En Argentine, la défaite électorale subie par le parti de Javier Milei lors des élections provinciales de Buenos Aires début septembre a déclenché une vague de panique parmi les investisseurs. Marqués par la longue histoire de défauts de paiement et de dévaluations de l’Argentine, ils ont commencé à se diriger vers la sortie. Les administrations américaines précédentes restaient généralement en retrait lorsque l’Argentine était en difficulté ; les États-Unis n’ont pas vraiment d’intérêts nationaux majeurs en Argentine. Mais cette fois-ci, le secrétaire américain au Trésor est intervenu pour offrir un soutien américain, une mesure qui a (du moins pour l’instant) empêché l’effondrement du peso argentin et du marché obligataire. Certes, une partie de ce soutien pourrait être idéologique ; il serait en effet préférable pour les États-Unis que Milei réussisse plutôt qu’il échoue. Mais tout cela nous ramène au fait que les États-Unis se soucient désormais davantage de ce qui se passe dans les Amériques.
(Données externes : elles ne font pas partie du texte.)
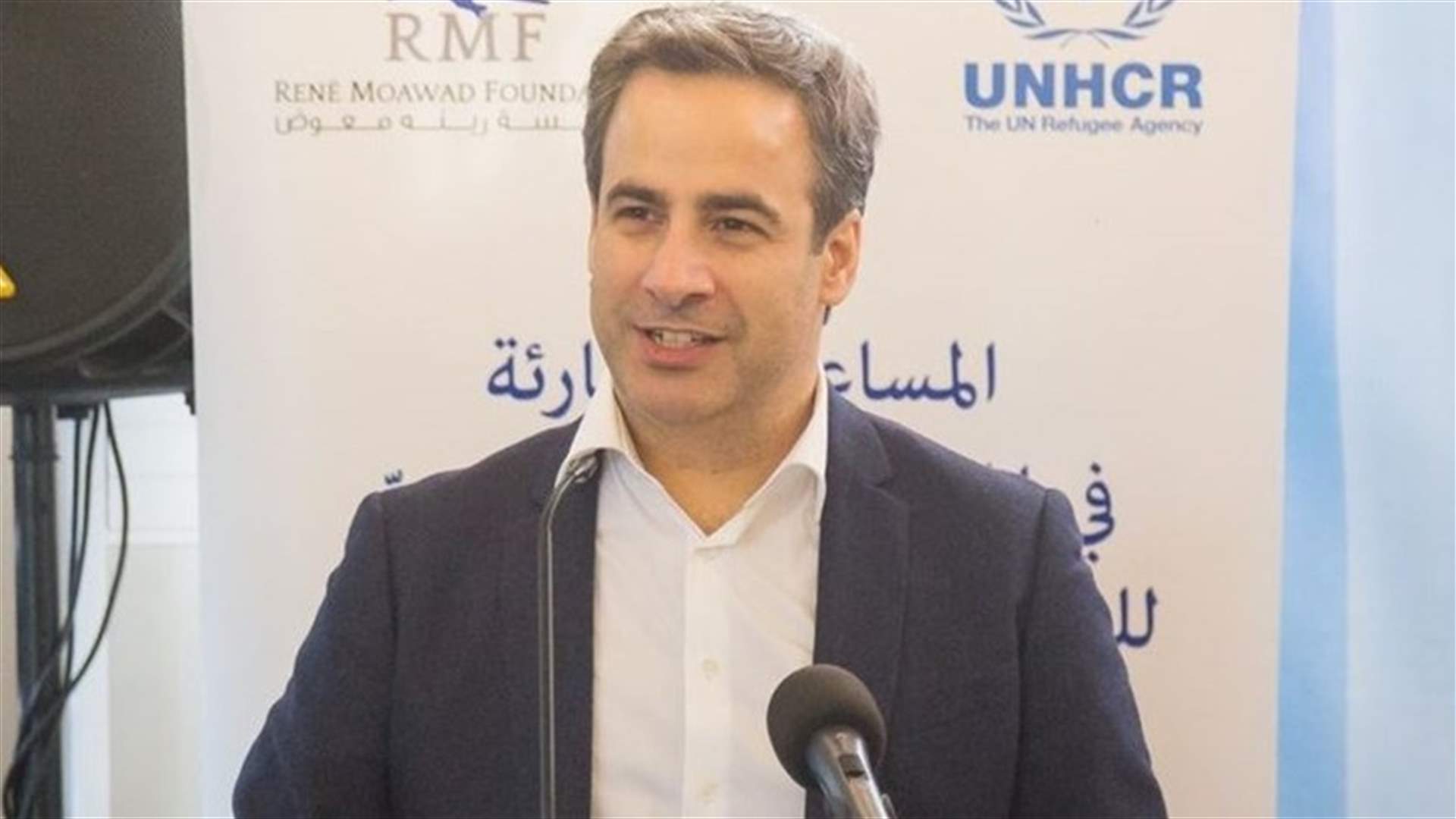 ميشال معوض: كان يفترض تمرير جلسة الثقة قبل الموازنة
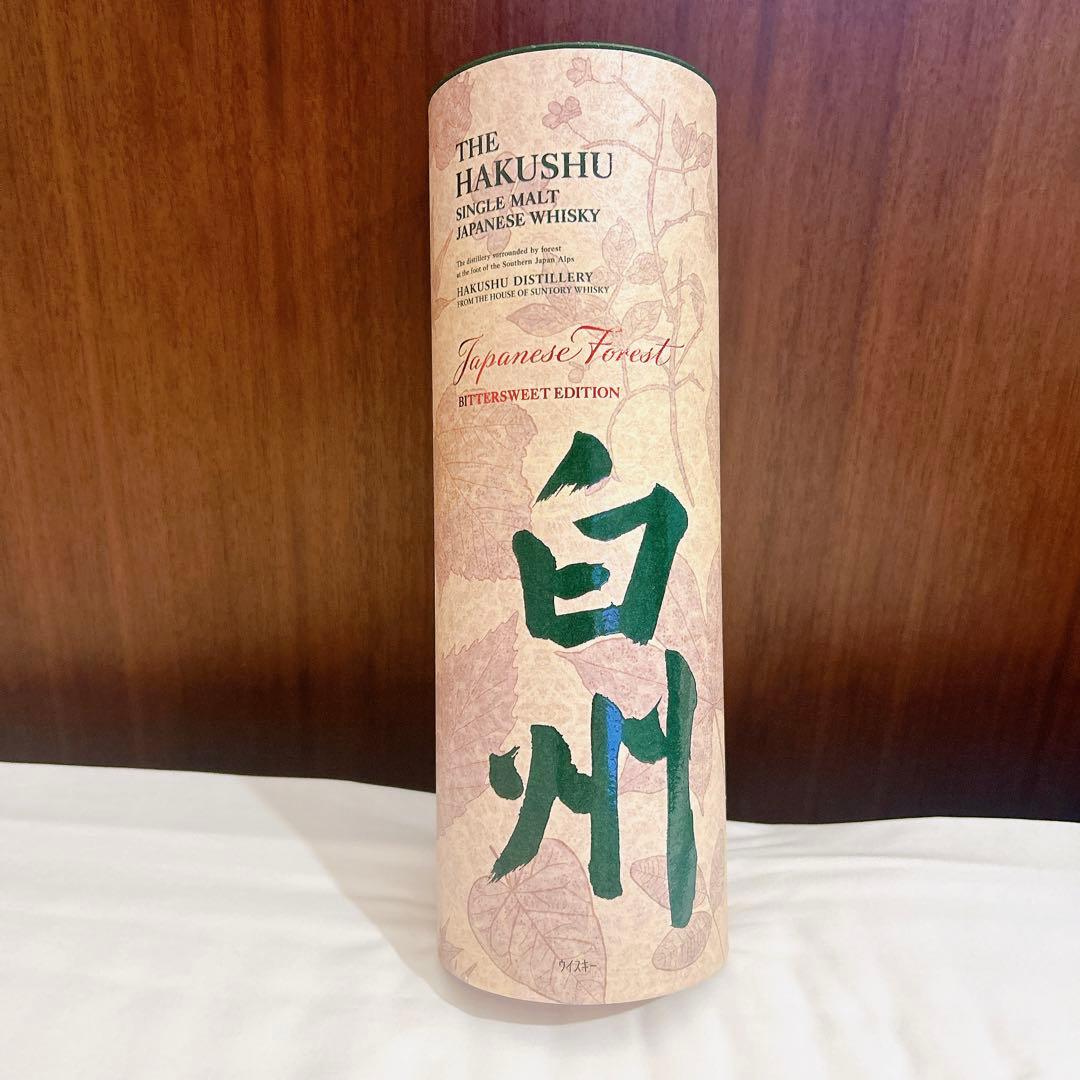 免税店限定　ウィスキー　白州　響　2種セット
Au Venezuela, le gouvernement américain ne fait même pas semblant de ne pas œuvrer activement en faveur d’un changement de régime. Sa nouvelle stratégie consiste à cibler les narcotrafiquants dans l’espoir de priver le régime de Nicolás Maduro d’une source de financement essentielle en devises fortes. Si elle aboutit, elle aura plusieurs répercussions positives.

Tout d’abord, le financement des guérillas d’extrême gauche dans toute la région serait réduit (même si, pour être honnête, celles-ci ont été moins problématiques ces dernières années que lors de la décennie précédente).
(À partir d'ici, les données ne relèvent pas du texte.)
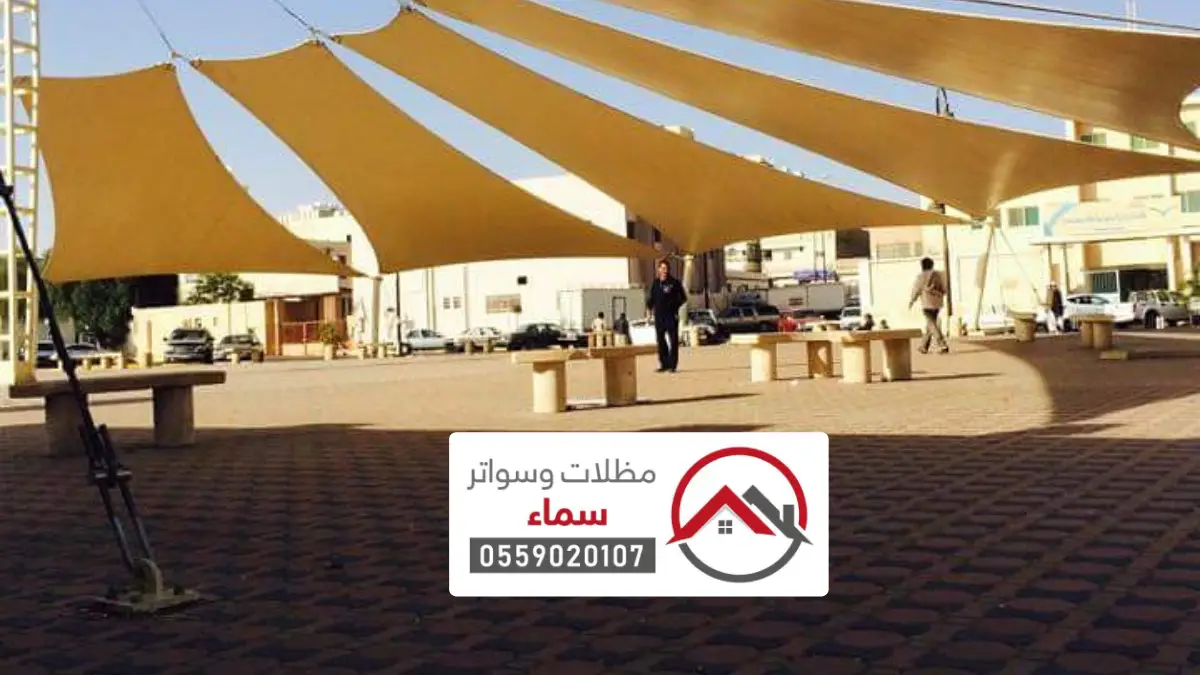 مظلات شد انشائي جدة ، دليلك الشامل لأحدث حلول التظليل المعماري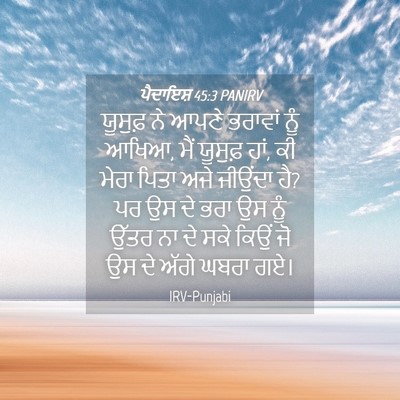 Picture 04 - ਪੈਦਾਇਸ਼ 45:3 PANIRV - ਯੂਸੁਫ਼ ਨੇ ਆਪਣੇ - Bible Verse Picture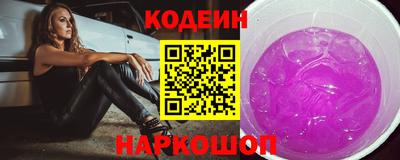 прущий лед Донецк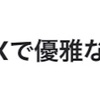 8月30日(月)から週末closeまでの1週間の運用結果になります。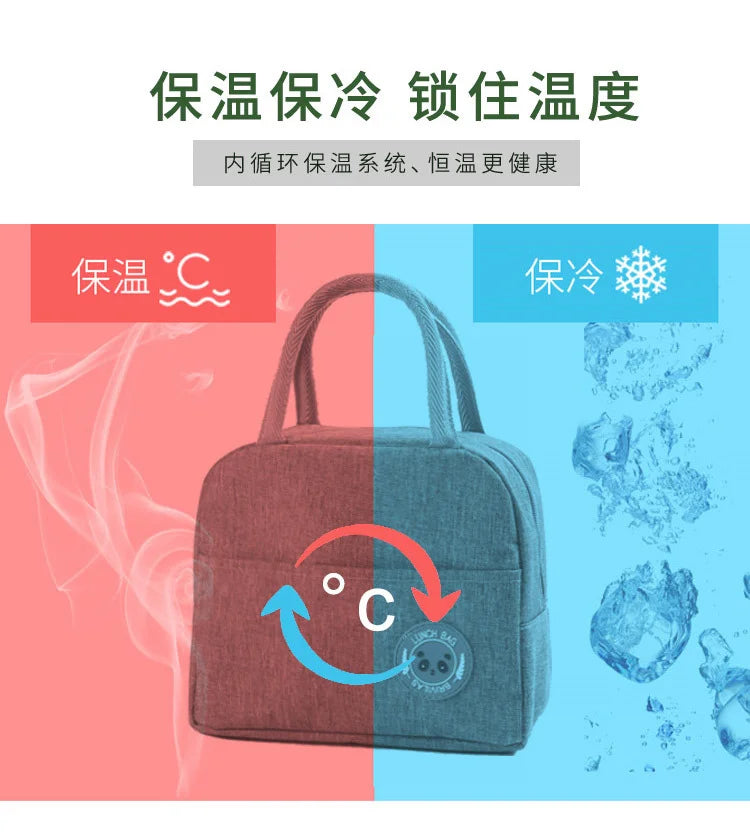 Neue japanische einfarbige vielseitige Kation-Frischhaltetasche, Eisbeutel, Bento-Wärmeisolierungstasche, Studenten-Brotdose, tragbare Ther
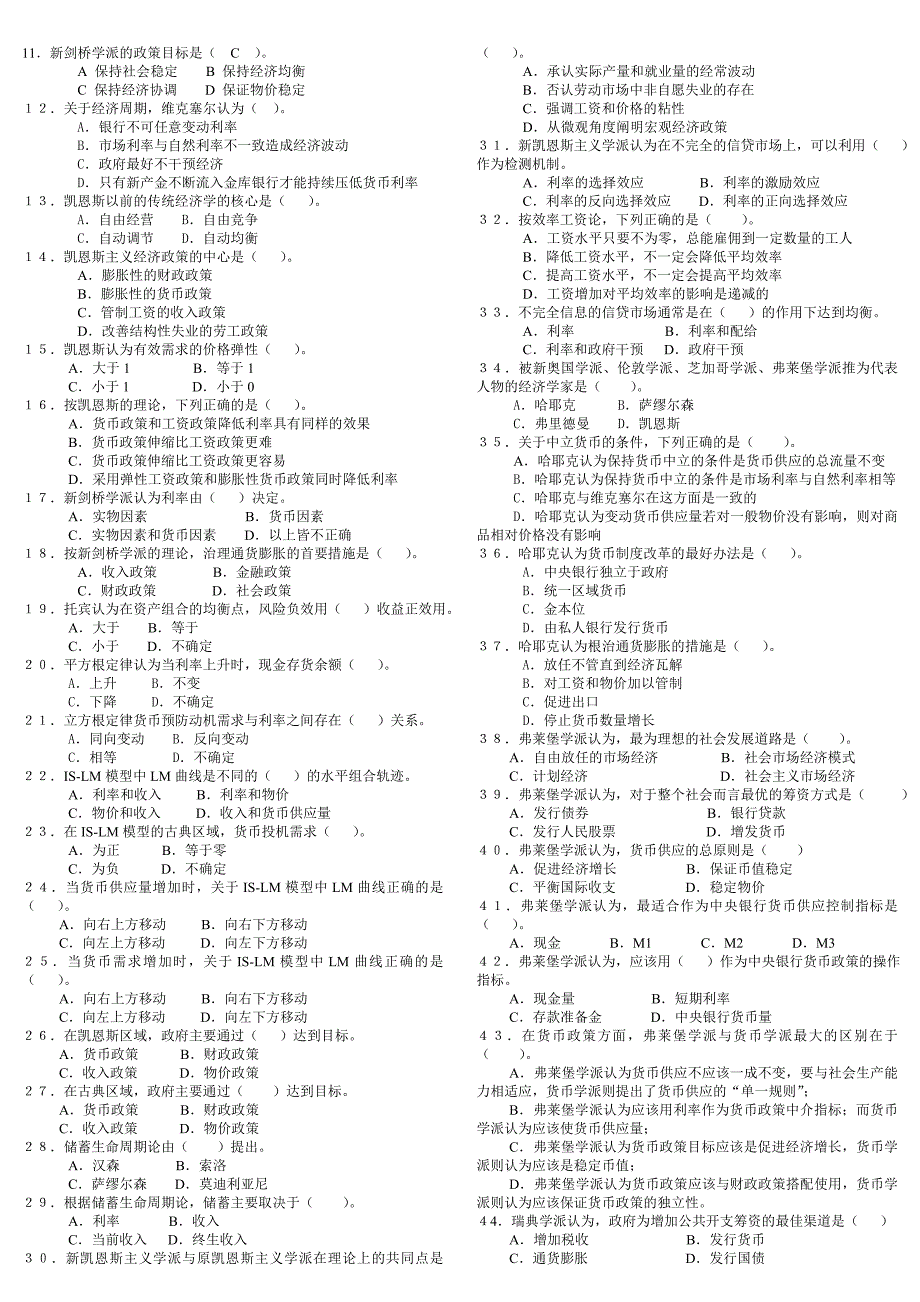 电大现代货币金融学小抄_第2页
Deuxièmement, un nouveau régime au Venezuela encouragerait très probablement les grandes compagnies pétrolières à revenir et la production à rebondir. Au cours de la dernière décennie, le Venezuela (qui détient toujours les plus grandes réserves prouvées de pétrole au monde) est passé d’environ 1,5 million de barils par jour à seulement 600 000 barils par jour.

Au Pentagone, des rapports récemment divulgués semblent indiquer que les révisions des dépenses en cours visent davantage à préparer l’armée américaine à défendre l’hémisphère occidental qu’à maintenir une présence impériale mondiale (une tâche beaucoup plus difficile à l’ère des drones de combat et des missiles hypersoniques).
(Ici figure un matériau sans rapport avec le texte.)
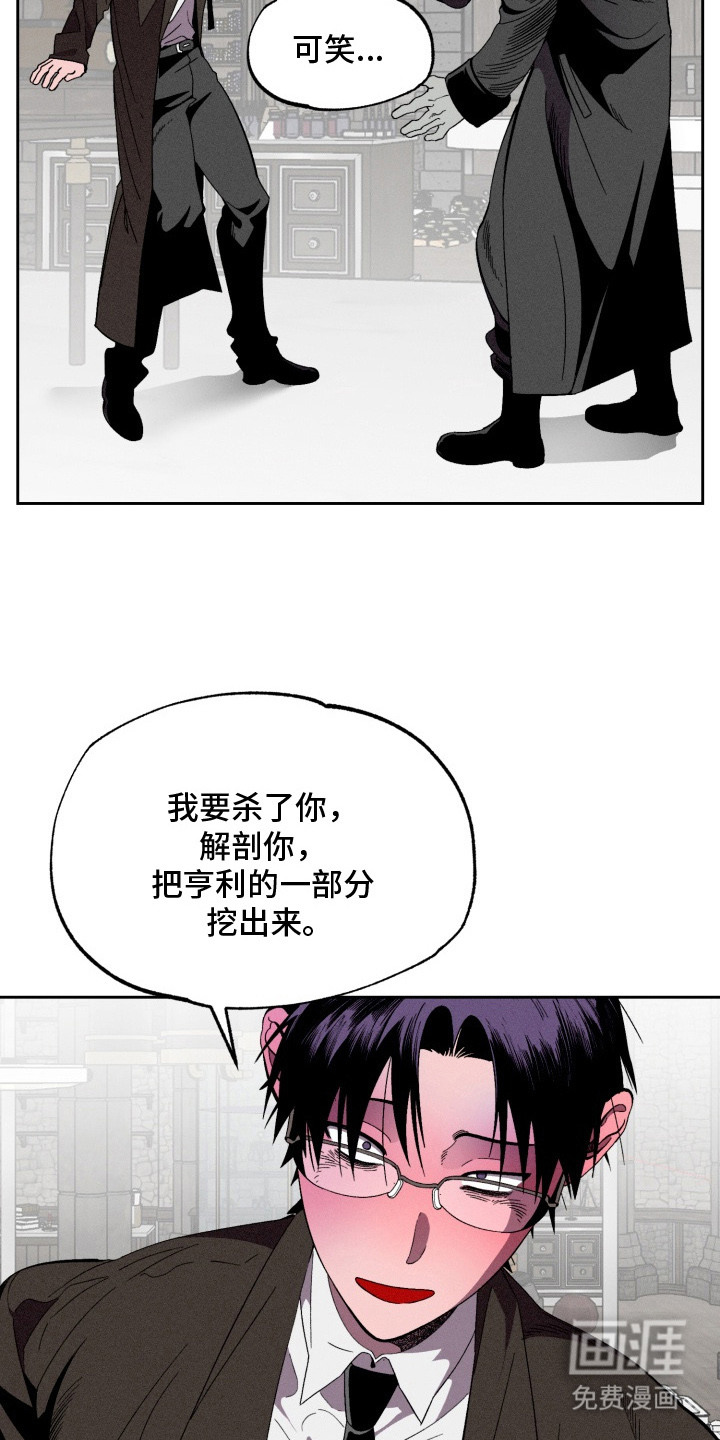 第11话21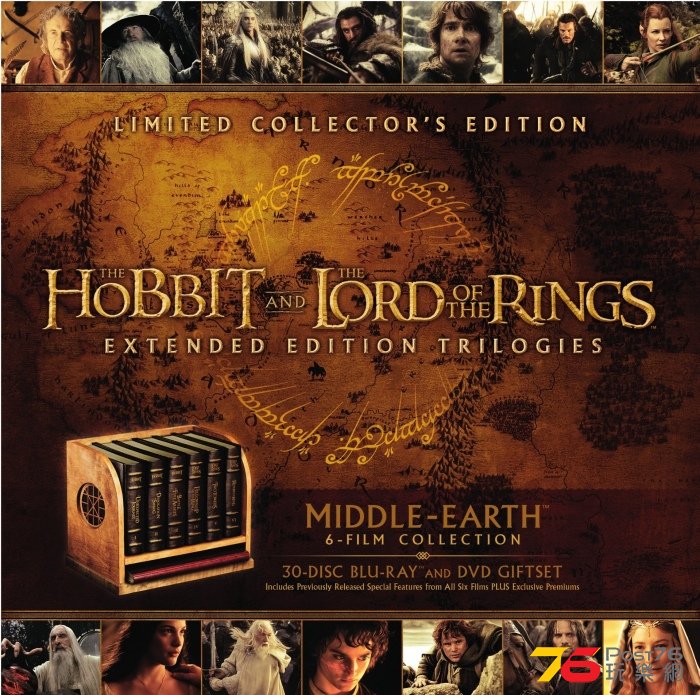 middle_earth_lce_box_2d.jpg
Les marchés en prennent bonne note. Ce recentrage de la politique américaine vers l’Amérique latine est globalement favorable à la région. Premièrement, si les États-Unis sont désormais prêts à intervenir et à fournir un soutien aux régimes qu’ils jugent amis, cela réduit considérablement le risque d’investir dans ces pays, du moins pour les investisseurs libellés en dollars américains.

Deuxièmement, si les États-Unis s’investissent désormais davantage dans la réussite économique de la région, ils sont alors moins susceptibles, en termes relatifs, d’imposer des droits de douane punitifs et d’autres mesures restrictives à la région. Jusqu’à présent, cela s’est globalement vérifié, à l’exception de pays comme le Brésil, avec lequel un véritable conflit politique s’est développé (un conflit qui pourrait se dissiper après les élections générales d’octobre 2026). Mais même dans ce cas, le marché de la dette publique brésilienne a généré de splendides rendements depuis le début de l’année pour les investisseurs.

En conclusion, le constat est simple : à une époque marquée par des tensions géopolitiques et une incertitude croissante quant à l’orientation de la politique américaine, le pivot des États-Unis vers l’Amérique latine semble être la chose la plus proche d’une certitude que l’on puisse trouver. C’est globalement une bonne nouvelle pour les devises latino-américaines sous-évaluées et pour les obligations d’État latino-américaines. Par ailleurs, un environnement caractérisé par la baisse des taux réels et la hausse des devises est presque toujours très favorable aux prix des actifs locaux (qu’il s’agisse de l’immobilier, des actions ou des obligations d’entreprises). Il semble donc de plus en plus probable que l’Amérique latine soit entrée dans une nouvelle phase présentant un triple avantage.